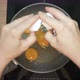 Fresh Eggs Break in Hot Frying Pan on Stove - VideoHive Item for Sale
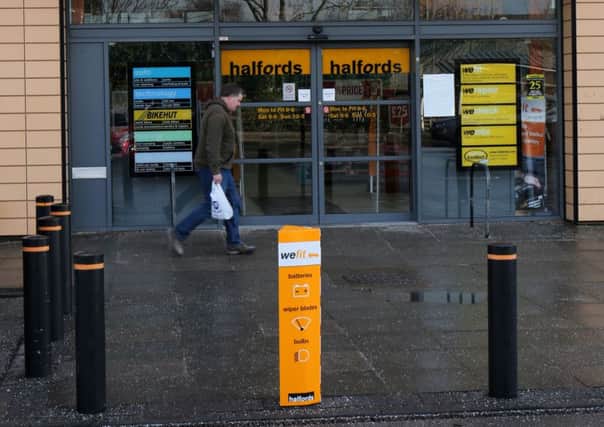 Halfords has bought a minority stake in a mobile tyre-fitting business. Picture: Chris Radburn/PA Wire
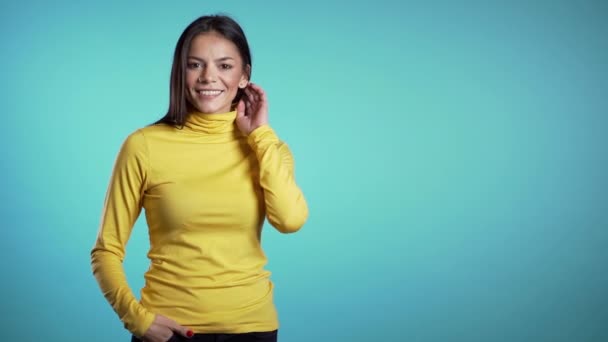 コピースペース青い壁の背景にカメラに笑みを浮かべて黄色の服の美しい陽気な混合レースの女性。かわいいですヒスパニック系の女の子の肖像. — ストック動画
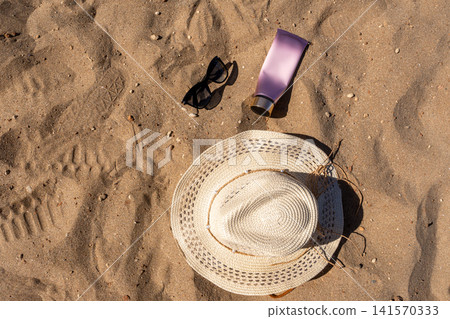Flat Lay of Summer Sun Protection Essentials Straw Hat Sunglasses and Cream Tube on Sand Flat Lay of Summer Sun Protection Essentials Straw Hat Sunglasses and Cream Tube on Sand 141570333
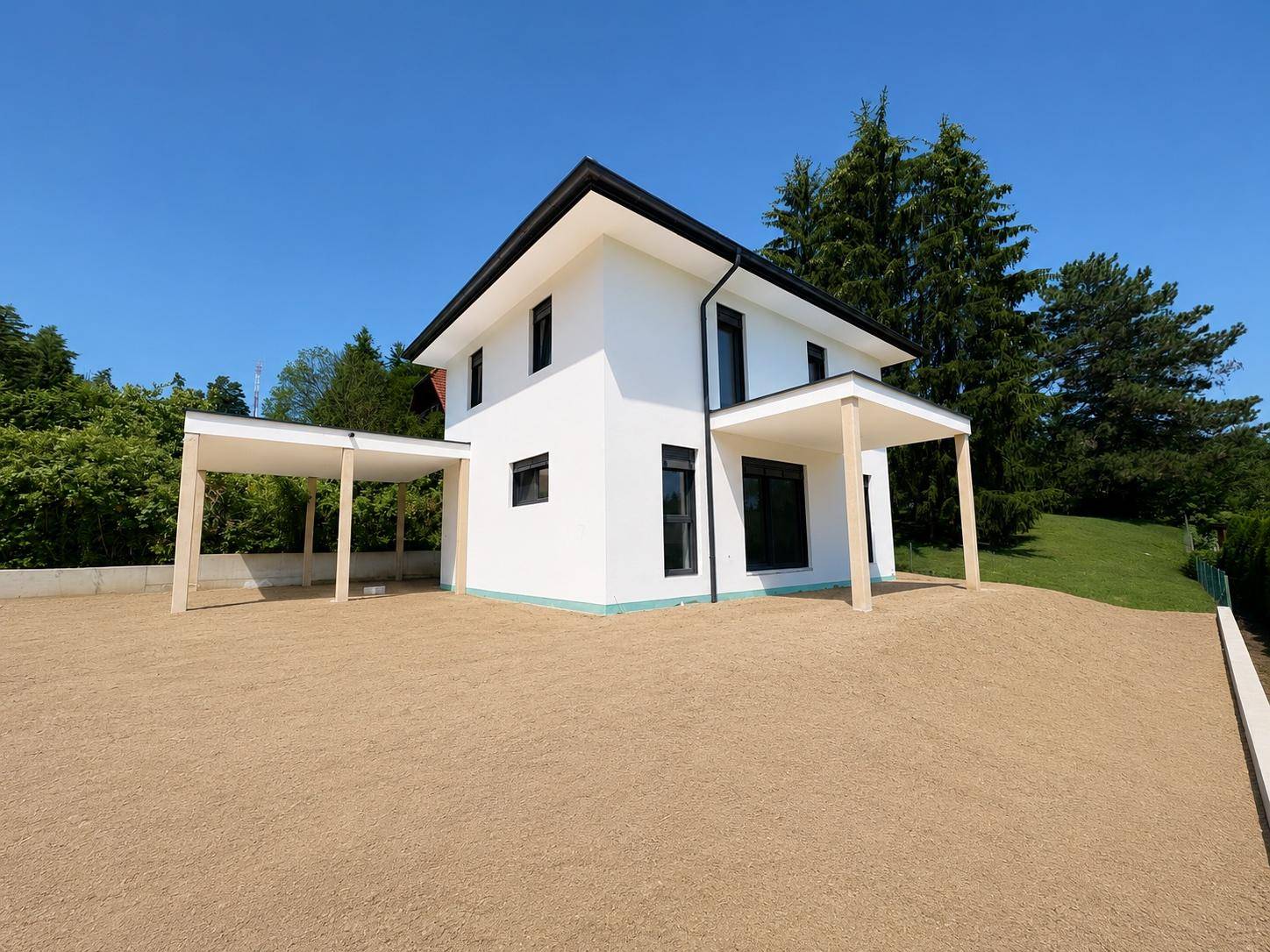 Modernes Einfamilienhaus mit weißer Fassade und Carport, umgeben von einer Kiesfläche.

--- Task item ---
Return the records exactly. Don't carry the pictures over.

--- Solution ---
 Fresh Eggs Break in Hot Frying Pan on Stove - VideoHive Item for Sale
 Halfords has bought a minority stake in a mobile tyre-fitting business. Picture: Chris Radburn/PA Wire
 コピースペース青い壁の背景にカメラに笑みを浮かべて黄色の服の美しい陽気な混合レースの女性。かわいいですヒスパニック系の女の子の肖像. — ストック動画
Flat Lay of Summer Sun Protection Essentials Straw Hat Sunglasses and Cream Tube on Sand Flat Lay of Summer Sun Protection Essentials Straw Hat Sunglasses and Cream Tube on Sand 141570333
 Modernes Einfamilienhaus mit weißer Fassade und Carport, umgeben von einer Kiesfläche.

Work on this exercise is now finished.